Nedeni açık. Soruşturmanın selameti. Ve yurdu da boşaltıp çocukları "sevgi evleri" adlı bakanlık bünyesindeki evlere nakletti.
İşte budur.
Bu köşede Alman Gençlik Dairesi Jugendamt'ın pervasızlıklarına ve yurtlarındaki rezaletlere sık sık yer veriyorum biliyorsunuz. Ancak Jugendamt ne yazık ki denetim mekanizmalarına tabi olmayan kontrolsüz bir güç. Jugendamt yurtlarındaki cinsel saldırıları, tacizleri defalarca ortaya çıkardık Avrupa'da Gündem programında ama ne bir denetim ne de soruşturma ve görevden alma var.
Şimdi muhalefetteki bazı vekillerin "devlet neredeydi" diye saçmalamasına bakmayın. Önemli olan, olay ortaya çıktığında gereğini yapmak.

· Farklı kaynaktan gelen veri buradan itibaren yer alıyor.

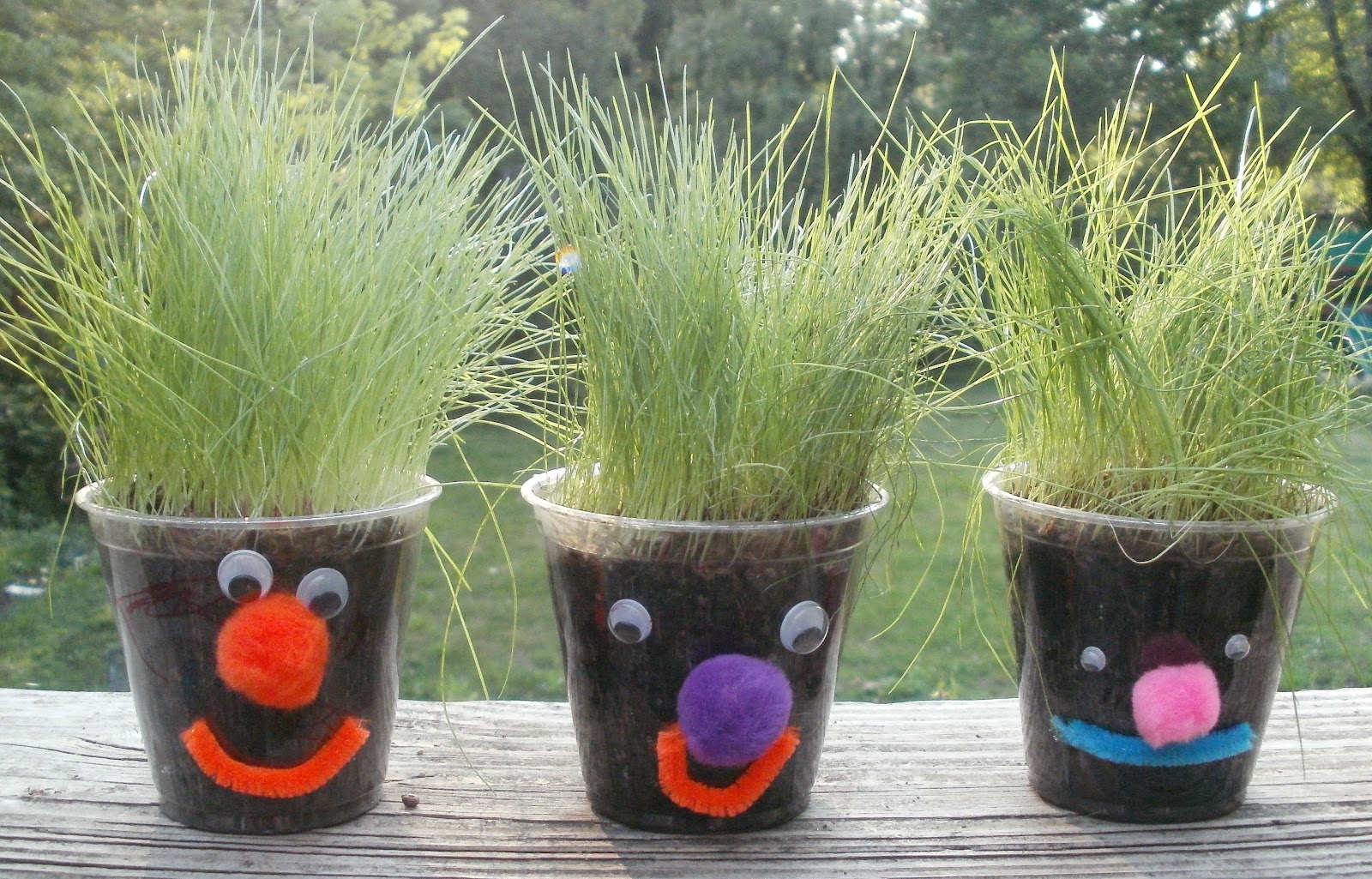 Little Stars Learning Seeds, Seeds, Seeds! Book Activity 5 Grass Heads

Bundan sonrasını takip edeceğiz.
BU "İDDİA VE YALANLAMA"LAR KABAK TADI VERMEDİ Mİ?
HDP heyeti ile Yalçın Akdoğan bir araya geliyorlar.

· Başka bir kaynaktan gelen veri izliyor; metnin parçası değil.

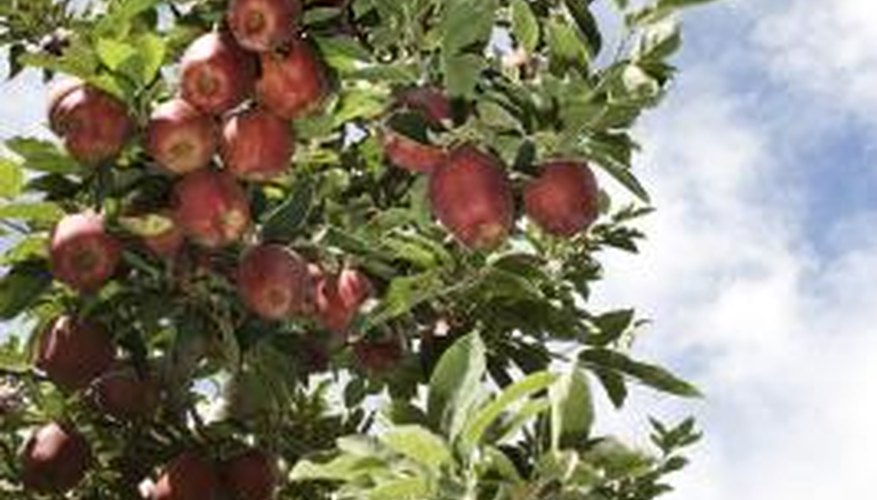 Apples are one of the most popular fruit trees grown in Oregon. Apples are one of the most popular fruit trees grown in Oregon.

Çözüm Süreci için kritik görüşme deniyor.
Toplantının ardından Pervin Buldan bir açıklama yapıyor, arkasından Yalçın Akdoğan o ne dediyse Twitter'dan yalanlıyor. Üstelik "Bu sıradan görüşmeye çeşitli anlamlar yüklendi" diyerek.
Haydaaa!
Ne oluyor yahu? Bir değil, iki değil. Sürekli böyle.
Yüz yüze gelip bunları konuşmuyor musunuz siz?
Ama bu arada İç Güvenlik Paketi'nin kalan maddeleri de önergeyle çekildi.
Eee?
Artık kabak tadı vermeden bu iddia ve yalanlama kısır döngüsünden kurtulmanın vakti geldi.